Canadian universities and colleges raked in more than $9.6 billion in tuition from international students in a single year.

Despite making up just 17 per cent of students studying in Canada, international students contributed 43.5 per cent of all tuition fees collected in 2020, according to the most recent survey by Statistics Canada. It reports 373,599 international students attended a university or degree-granting college in 2020-2021.

The StatCan Canada tuition and living accommodation costs survey does not calculate the total amount international students pay in tuition across the country and it doesn’t keep record of this population by level of study.

But, based on the average cost of tuition for these students in 2020 — the most recent year figures are available — domestic and foreign students spent a total estimated $22 billion.

Universities and colleges are collecting more from international students every year with increases in tuition, while prices for domestic or in-province students are paying about the same or facing smaller increases.

The most common complaints from international students include the lack of “a cap on how much tuition can be raised, and (there is) less financial aid services than the Canadian students,” said Damanpreet Singh, international student representative for the Canadian Federation of Students.

The University of British Columbia, for example, increased tuition fees for international students for 2023-2024 by five per cent for new students, and three per cent for those returning for another year of study. UBC expects to collect $54 million more in tuition than it did last year.

The university also expects to be short $1 million in fees from domestic students.

Montreal’s McGill University is one of the only schools in Canada that has introduced a guaranteed tuition model for new international students to establish fixed fees for each term, and “eliminate uncertainty around tuition costs,” according to the university’s latest budget. Still, tuition fees remain the second-biggest revenue stream for McGill.

A spokesperson for the Nova Scotia Community College said by email that federal and provincial taxes subsidize post-secondary schools to support domestic students.

“Tuition for international students is not subsidized here,” the spokesperson said.

In March, Ontario extended its tuition freeze for Ontario residents for the upcoming year.

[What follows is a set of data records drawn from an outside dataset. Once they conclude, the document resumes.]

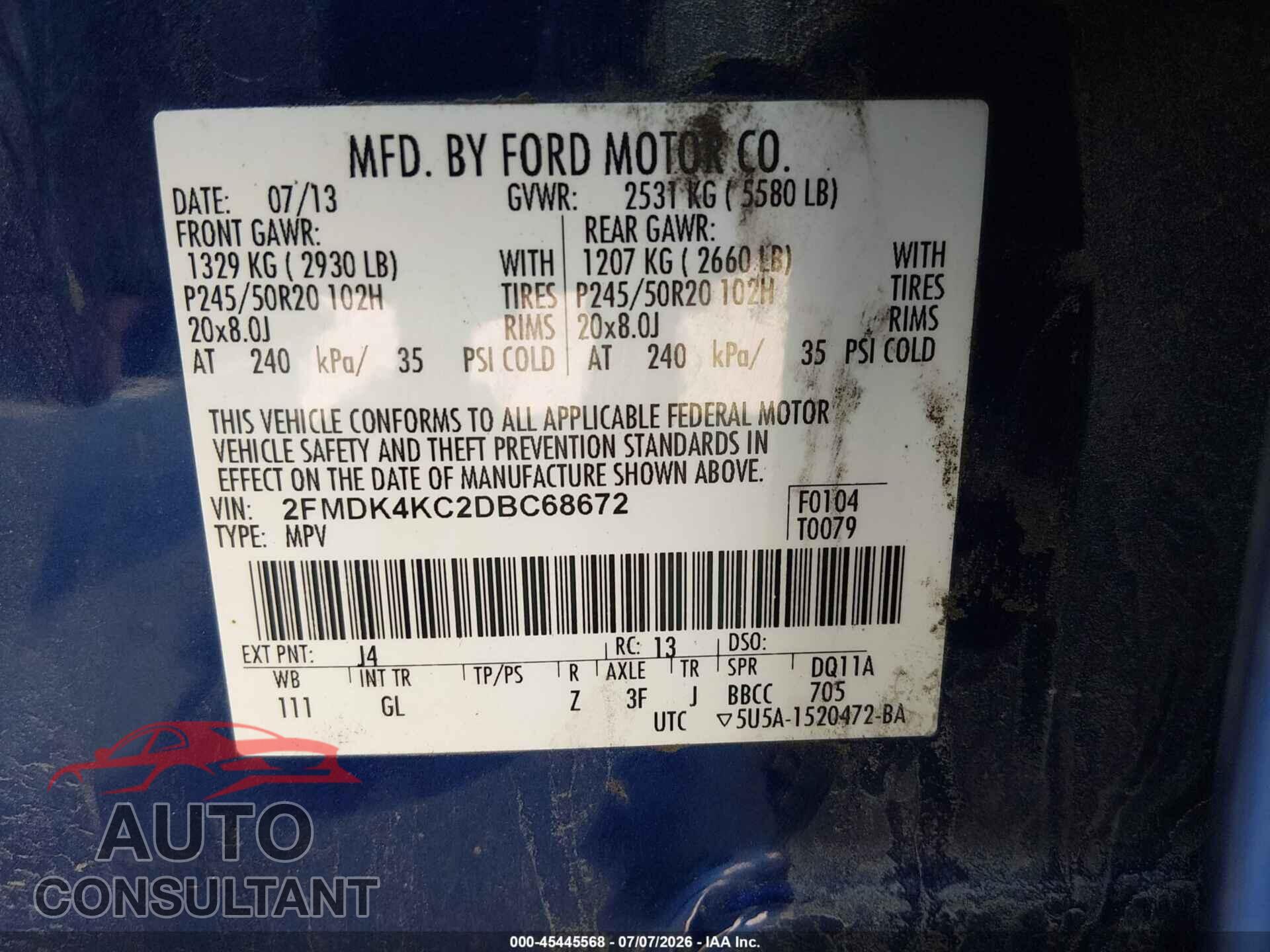 FORD EDGE 2013 - 2FMDK4KC2DBC68672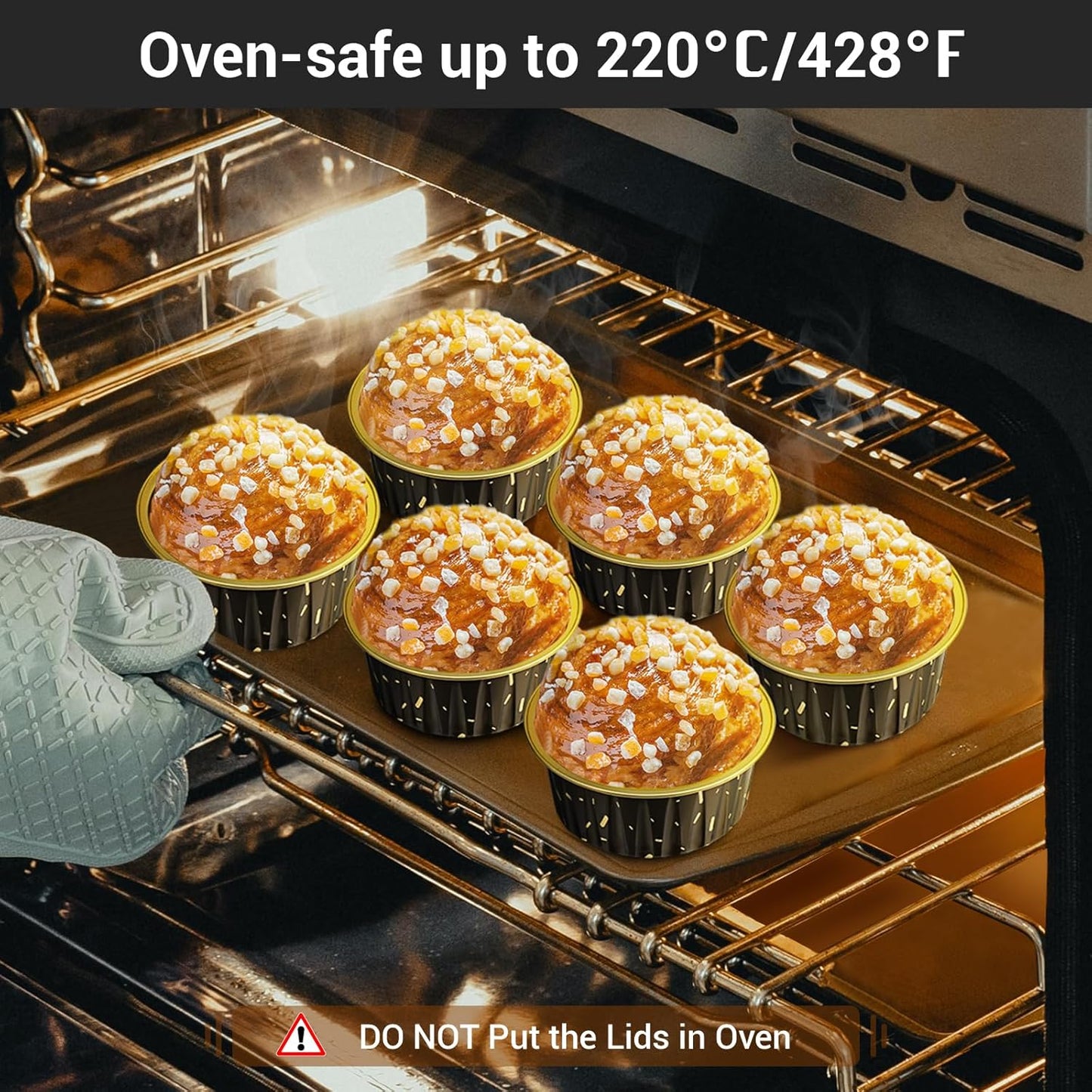 EUSOAR Disposable Ramekins, 200pcs 5oz Aluminum Cupcake Baking Cups Reusable, Mini Muffin Cups Cupcake Liners with Lids, Creme Brulee Containers Mold Tin, for Party Family Gathering Shower Catering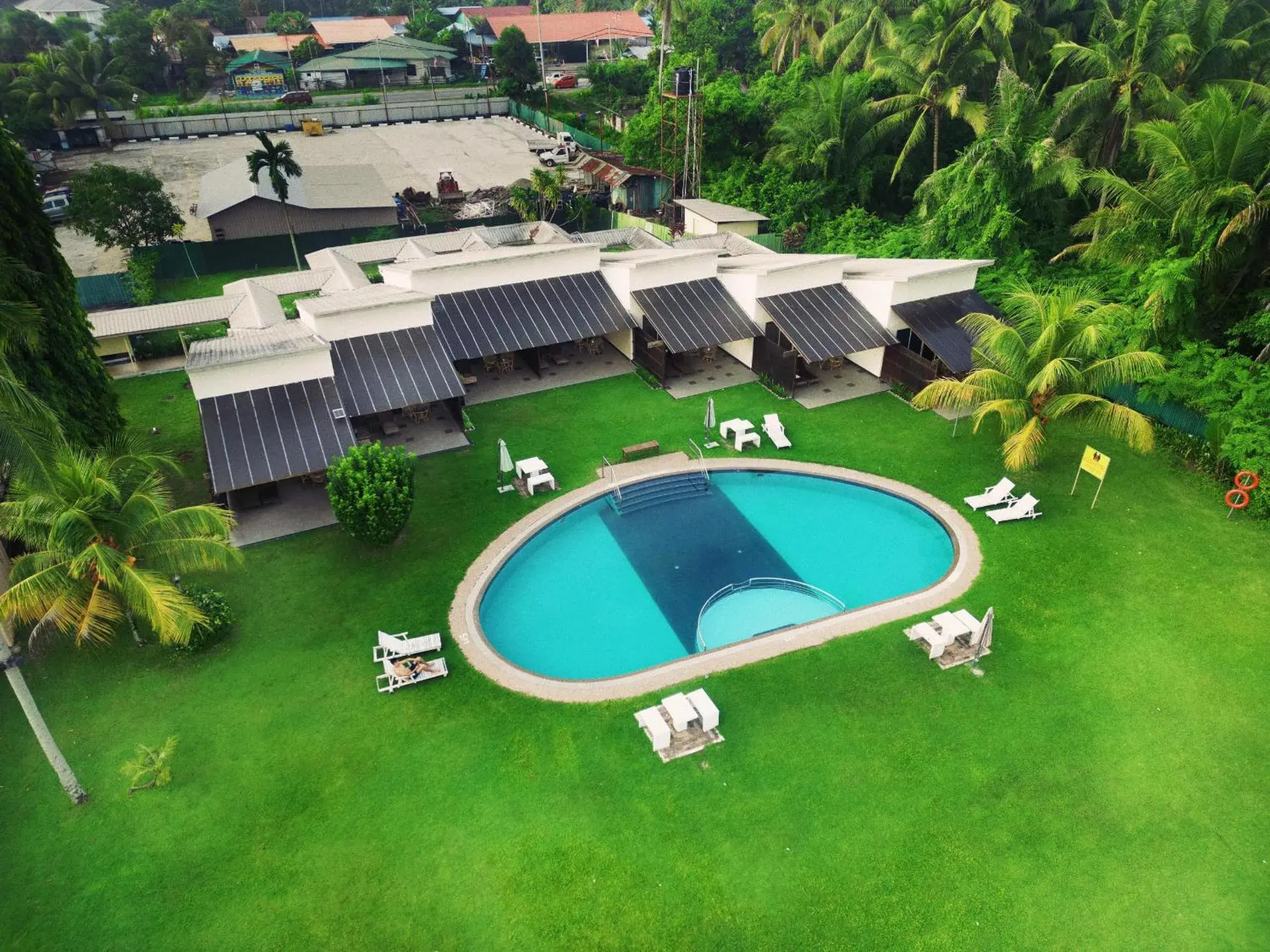 Swimming pool, Bird's-eye View in Langkah Syabas Beach Resort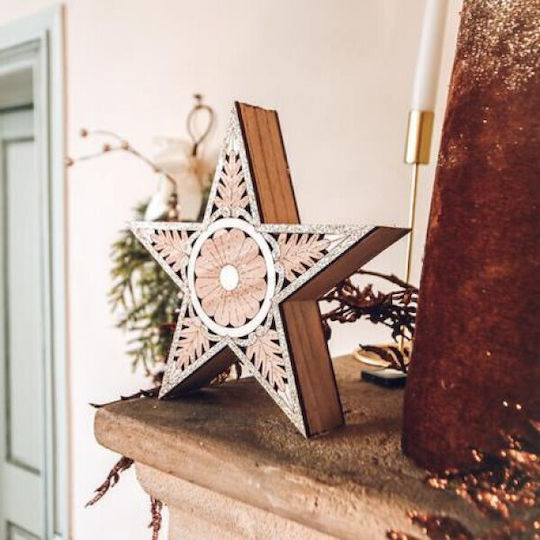 Ntampoudis Wood Christmas Decorative Desktop Star 22x4.5x22cm Brown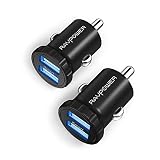 Car Charger [2-Pack] RAVPower 24W 4.8A Mini Dual USB Car Adapter, Compatible with iPhone 11 Pro Max XS Max XR X 8 7 Plus, Ipad Pro Air Mini and Galaxy S9 S8 Plus, Edge Note Series and More (Black)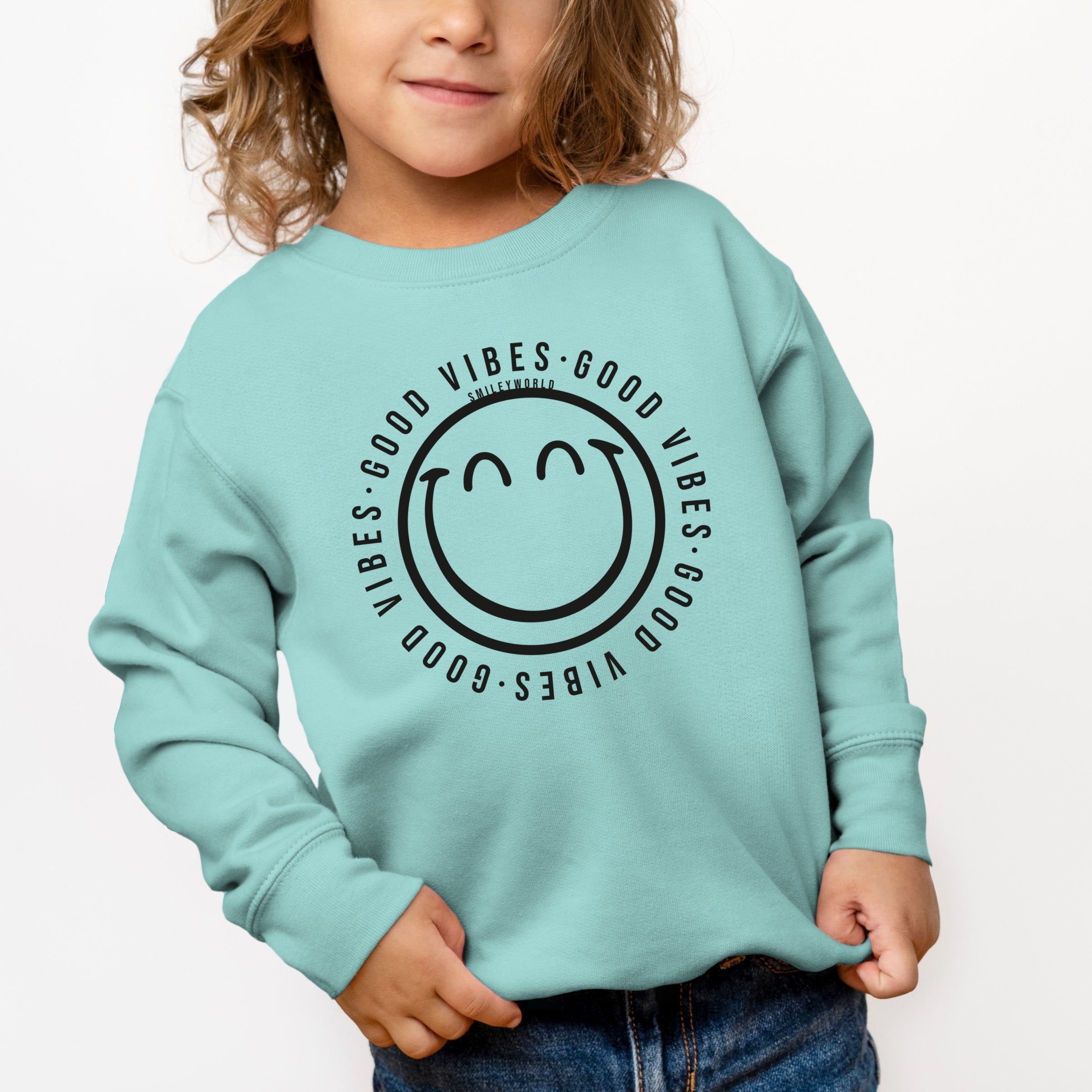 SmileyWorld Good Vibes Outline - Toddler Graphic Sweatshirt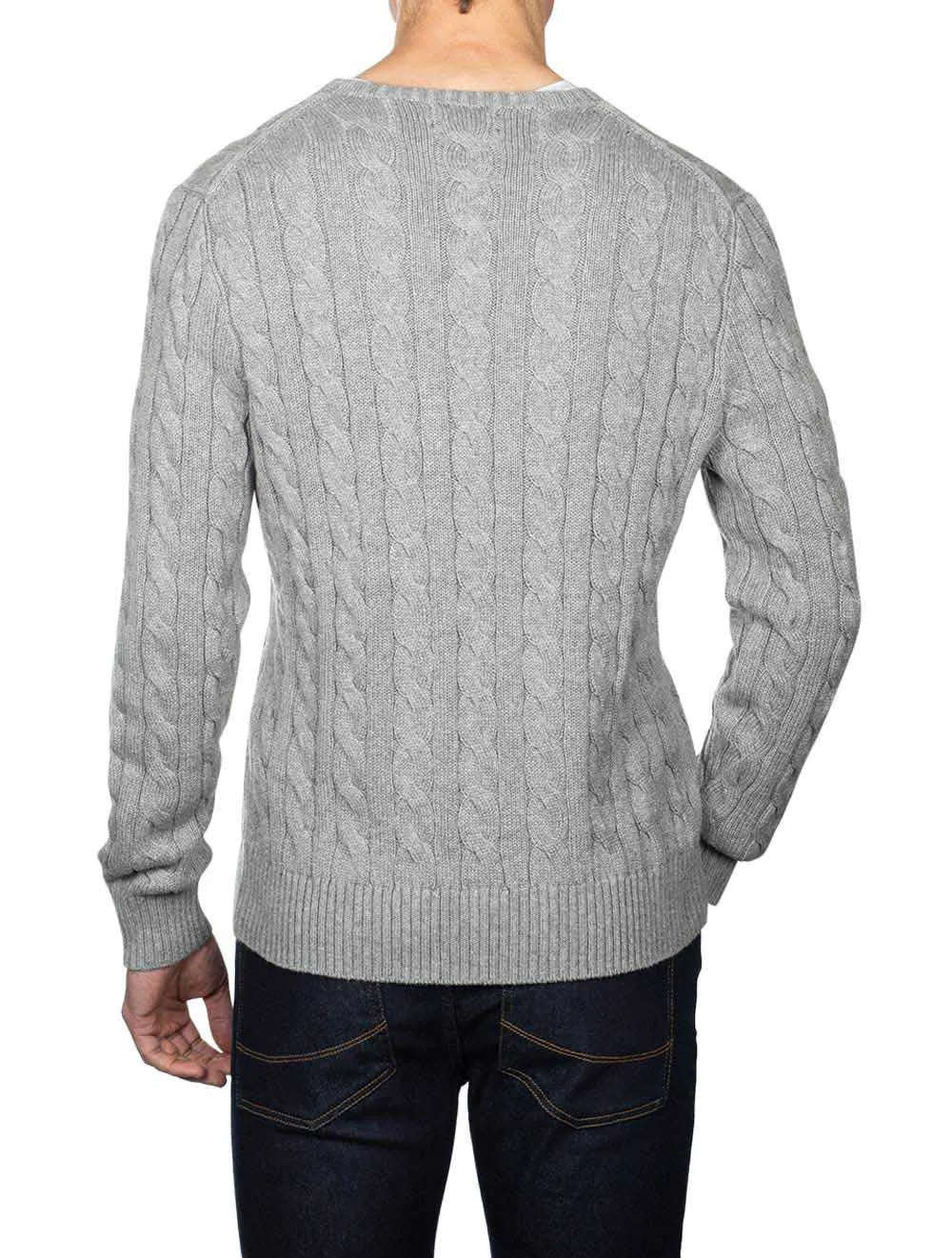 Cotton Cable Sweater Grey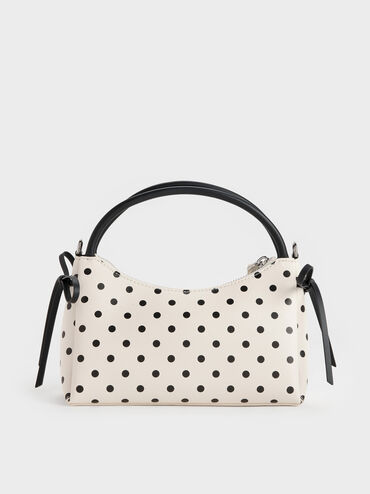 Hazel Polka-Dot Bow Top Handle Bag, Cream, hi-res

The University of Toronto estimates the freeze has cost the institution $195 million in revenue since 2019. Fees for international students will be increasing by 2.1 per cent.

Samarjeet Singh, a former international student who graduated from Cape Breton University in May, has advice for those who come to Canada to study: don’t worry about permanent residency.

“The main thing that students should keep in mind when they’re planning to come to Canada is to think of a career — don’t think of residency,” said Samarjeet, who is training to be a public health inspector in Manitoba.

Chasing permanent resident status is what keeps international students from pursuing better job opportunities, he said. “As long as I have a good job, and I can continue to get a permit to work, that’s good enough for me.”

New research involving 1,300 international students in B.C. reveals they are getting stuck in jobs outside their fields of study and that post-secondary institutions put more emphasis on recruiting students than ensuring their success.

On top of paying more than five times what domestic students spend on tuition, international students face increased pressure to excel at their university or college.

“If you fail in three subjects, you will be thrown out of the college,” said Jaspreet Singh, an international student at Conestoga College in Ontario and vice-president of the Sikh Student Association there.

Jaspreet said he knows international students aren’t getting enough food or sleep because their time is spent studying or working. He wants schools to prioritize international students’ mental well-being, and employment success.

Although he says he can’t deny the value of his education, he recognizes that studying in Canada isn’t easy.

Despite these difficulties “we are optimistic about the future,” said Jaspreet, “so that gives us strength.”